What is needed: The answer must consist of each line below that contains the word "фотография", copied in full.

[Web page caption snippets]
——
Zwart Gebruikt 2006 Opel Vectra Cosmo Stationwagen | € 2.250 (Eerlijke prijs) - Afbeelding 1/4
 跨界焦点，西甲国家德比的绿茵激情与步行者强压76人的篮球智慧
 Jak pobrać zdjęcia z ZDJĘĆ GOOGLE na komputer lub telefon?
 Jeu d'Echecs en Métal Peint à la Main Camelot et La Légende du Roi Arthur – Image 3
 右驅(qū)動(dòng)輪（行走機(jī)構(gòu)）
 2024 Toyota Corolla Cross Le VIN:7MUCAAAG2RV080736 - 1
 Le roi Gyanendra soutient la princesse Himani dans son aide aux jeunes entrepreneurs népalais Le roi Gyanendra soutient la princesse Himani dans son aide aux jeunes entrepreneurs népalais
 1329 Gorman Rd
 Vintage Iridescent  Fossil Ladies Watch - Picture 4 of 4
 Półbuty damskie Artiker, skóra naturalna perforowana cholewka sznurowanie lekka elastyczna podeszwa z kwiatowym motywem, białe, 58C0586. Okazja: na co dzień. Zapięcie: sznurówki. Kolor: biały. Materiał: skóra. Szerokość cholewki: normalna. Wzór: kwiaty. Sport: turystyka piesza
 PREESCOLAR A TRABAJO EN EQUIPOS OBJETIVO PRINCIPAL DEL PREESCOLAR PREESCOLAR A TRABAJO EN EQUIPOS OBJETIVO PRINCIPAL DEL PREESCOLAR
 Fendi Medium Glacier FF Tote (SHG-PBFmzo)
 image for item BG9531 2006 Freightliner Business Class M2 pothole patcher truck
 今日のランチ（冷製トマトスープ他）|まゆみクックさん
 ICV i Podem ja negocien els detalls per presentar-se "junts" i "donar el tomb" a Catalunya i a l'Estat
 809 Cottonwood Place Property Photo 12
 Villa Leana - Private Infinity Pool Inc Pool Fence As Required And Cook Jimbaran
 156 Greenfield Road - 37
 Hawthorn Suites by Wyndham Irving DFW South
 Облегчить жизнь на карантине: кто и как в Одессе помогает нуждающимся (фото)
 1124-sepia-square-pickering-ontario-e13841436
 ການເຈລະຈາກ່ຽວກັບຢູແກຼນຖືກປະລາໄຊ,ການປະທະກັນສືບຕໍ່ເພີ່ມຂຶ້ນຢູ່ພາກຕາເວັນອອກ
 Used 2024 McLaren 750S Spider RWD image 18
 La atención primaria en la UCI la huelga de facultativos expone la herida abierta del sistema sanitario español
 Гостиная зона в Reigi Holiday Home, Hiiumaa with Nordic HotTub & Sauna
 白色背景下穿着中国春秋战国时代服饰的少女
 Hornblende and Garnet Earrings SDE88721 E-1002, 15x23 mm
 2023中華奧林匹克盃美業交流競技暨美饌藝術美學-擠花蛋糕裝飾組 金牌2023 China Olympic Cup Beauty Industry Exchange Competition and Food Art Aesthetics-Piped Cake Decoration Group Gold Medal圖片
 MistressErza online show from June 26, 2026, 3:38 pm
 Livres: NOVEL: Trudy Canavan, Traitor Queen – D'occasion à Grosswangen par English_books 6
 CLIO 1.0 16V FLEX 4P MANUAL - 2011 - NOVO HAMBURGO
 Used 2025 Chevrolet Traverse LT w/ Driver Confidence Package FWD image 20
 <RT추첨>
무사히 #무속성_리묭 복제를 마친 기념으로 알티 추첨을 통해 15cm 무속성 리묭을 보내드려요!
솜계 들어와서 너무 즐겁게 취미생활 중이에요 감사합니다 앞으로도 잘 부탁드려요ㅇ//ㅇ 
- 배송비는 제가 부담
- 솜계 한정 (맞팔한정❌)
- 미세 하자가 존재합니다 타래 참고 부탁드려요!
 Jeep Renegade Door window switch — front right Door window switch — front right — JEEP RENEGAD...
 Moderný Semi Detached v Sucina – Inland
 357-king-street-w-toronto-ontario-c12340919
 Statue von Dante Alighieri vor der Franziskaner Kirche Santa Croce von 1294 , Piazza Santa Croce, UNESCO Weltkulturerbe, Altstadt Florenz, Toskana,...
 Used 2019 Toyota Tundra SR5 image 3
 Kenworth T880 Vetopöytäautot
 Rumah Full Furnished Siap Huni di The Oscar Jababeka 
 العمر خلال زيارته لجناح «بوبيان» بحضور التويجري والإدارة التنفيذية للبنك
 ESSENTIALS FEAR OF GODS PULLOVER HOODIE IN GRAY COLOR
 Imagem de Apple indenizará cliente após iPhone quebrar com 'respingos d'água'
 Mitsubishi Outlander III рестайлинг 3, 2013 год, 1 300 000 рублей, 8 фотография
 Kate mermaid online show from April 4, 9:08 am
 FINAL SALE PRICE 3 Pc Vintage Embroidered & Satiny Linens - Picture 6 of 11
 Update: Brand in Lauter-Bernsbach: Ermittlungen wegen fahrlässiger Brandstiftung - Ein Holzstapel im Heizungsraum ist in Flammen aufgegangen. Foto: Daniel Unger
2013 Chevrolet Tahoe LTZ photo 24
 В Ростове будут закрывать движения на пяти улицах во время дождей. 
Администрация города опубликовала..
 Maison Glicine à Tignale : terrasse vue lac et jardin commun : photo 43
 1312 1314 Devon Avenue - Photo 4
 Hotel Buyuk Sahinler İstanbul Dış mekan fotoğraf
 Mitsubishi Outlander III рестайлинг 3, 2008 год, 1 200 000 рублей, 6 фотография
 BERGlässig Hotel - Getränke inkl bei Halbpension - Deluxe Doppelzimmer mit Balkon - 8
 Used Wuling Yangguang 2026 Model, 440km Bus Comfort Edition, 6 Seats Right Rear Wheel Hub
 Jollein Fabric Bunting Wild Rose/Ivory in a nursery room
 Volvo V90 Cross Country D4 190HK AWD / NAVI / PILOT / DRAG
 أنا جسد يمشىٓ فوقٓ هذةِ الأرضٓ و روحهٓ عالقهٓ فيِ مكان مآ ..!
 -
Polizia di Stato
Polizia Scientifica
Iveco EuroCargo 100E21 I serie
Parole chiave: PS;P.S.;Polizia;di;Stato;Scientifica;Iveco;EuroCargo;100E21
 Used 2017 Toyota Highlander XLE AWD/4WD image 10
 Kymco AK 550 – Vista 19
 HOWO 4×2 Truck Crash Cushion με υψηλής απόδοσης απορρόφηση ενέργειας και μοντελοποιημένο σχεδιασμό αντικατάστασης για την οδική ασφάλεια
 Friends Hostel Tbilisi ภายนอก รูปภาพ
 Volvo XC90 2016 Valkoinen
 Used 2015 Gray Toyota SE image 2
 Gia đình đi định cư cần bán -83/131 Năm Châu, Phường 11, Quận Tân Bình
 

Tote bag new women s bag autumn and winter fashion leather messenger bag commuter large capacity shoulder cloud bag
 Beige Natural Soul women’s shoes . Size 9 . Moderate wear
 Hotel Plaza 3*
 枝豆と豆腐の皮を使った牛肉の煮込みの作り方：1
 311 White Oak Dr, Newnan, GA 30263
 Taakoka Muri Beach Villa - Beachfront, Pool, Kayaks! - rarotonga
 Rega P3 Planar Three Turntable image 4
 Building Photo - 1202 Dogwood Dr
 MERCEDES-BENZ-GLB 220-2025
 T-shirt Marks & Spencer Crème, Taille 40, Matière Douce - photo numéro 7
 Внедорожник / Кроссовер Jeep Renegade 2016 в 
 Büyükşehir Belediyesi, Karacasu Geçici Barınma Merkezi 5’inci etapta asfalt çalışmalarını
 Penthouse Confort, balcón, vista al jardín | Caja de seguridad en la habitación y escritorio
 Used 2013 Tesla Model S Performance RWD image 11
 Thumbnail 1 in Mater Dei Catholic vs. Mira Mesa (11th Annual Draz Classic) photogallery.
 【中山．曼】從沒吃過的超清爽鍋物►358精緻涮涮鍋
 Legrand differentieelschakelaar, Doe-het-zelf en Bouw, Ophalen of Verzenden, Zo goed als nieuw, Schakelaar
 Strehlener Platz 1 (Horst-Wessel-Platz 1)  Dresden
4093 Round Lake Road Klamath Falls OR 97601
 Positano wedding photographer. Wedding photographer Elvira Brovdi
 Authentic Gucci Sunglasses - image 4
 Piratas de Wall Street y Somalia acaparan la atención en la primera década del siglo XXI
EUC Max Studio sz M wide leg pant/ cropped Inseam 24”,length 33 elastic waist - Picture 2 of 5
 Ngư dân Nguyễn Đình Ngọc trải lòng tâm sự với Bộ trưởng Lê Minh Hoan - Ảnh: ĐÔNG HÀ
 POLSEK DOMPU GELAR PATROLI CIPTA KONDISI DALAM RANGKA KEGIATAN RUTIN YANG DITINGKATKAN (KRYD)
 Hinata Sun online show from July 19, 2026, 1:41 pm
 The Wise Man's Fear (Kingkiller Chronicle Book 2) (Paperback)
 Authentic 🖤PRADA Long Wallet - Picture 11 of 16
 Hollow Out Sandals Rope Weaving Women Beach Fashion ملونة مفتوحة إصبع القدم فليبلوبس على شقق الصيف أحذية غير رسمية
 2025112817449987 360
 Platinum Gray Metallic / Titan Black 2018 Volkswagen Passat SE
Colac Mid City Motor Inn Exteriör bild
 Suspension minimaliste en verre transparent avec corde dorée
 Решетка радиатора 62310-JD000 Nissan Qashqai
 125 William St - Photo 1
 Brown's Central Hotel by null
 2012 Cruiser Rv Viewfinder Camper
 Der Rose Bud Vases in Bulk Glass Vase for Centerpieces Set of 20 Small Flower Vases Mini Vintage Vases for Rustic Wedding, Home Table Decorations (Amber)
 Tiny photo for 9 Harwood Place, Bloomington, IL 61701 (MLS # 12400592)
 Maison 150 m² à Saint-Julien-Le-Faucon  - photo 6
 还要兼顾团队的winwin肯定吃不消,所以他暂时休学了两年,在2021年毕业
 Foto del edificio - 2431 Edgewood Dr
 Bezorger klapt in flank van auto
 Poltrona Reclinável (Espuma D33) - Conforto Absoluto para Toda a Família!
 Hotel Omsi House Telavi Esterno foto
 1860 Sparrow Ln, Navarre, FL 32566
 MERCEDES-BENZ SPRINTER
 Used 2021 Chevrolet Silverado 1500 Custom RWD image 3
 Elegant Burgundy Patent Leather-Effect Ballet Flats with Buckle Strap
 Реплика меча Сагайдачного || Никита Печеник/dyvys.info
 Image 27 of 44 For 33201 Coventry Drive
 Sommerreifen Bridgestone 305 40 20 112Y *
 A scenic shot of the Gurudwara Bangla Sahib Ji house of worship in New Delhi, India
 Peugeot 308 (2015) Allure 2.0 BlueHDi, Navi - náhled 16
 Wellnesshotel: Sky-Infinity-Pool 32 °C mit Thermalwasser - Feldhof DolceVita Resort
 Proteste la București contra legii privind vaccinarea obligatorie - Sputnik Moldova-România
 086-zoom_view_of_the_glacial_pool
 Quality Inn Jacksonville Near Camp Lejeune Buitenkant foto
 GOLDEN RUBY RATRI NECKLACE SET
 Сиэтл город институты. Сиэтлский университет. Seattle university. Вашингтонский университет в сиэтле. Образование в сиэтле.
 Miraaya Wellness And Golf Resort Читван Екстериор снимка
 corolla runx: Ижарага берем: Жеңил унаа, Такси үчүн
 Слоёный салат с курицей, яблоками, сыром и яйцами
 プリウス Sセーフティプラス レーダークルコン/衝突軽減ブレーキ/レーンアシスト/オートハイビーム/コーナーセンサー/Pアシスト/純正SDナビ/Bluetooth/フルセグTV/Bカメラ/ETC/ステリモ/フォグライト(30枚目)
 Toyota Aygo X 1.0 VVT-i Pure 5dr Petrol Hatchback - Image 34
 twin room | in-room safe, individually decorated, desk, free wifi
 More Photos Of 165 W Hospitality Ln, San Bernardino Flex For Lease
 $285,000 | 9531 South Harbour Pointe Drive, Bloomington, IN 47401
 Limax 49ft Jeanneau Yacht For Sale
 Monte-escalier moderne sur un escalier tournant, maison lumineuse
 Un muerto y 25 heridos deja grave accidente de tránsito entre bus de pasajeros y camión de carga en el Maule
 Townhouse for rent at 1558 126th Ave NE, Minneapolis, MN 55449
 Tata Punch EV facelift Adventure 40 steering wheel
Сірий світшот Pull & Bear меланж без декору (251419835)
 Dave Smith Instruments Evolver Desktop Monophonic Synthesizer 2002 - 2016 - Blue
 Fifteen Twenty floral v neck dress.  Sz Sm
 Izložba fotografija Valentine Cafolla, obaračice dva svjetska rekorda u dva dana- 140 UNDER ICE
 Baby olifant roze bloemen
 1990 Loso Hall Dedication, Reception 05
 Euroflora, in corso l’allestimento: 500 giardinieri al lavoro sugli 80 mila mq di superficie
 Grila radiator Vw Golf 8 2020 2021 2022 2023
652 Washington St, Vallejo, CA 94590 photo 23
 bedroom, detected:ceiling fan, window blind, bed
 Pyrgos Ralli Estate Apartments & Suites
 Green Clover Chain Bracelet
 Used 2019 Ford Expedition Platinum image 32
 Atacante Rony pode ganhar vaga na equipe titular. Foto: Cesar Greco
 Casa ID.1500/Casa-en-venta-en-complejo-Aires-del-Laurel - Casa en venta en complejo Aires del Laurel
——
Output of the task:
 Mitsubishi Outlander III рестайлинг 3, 2013 год, 1 300 000 рублей, 8 фотография
 Mitsubishi Outlander III рестайлинг 3, 2008 год, 1 200 000 рублей, 6 фотография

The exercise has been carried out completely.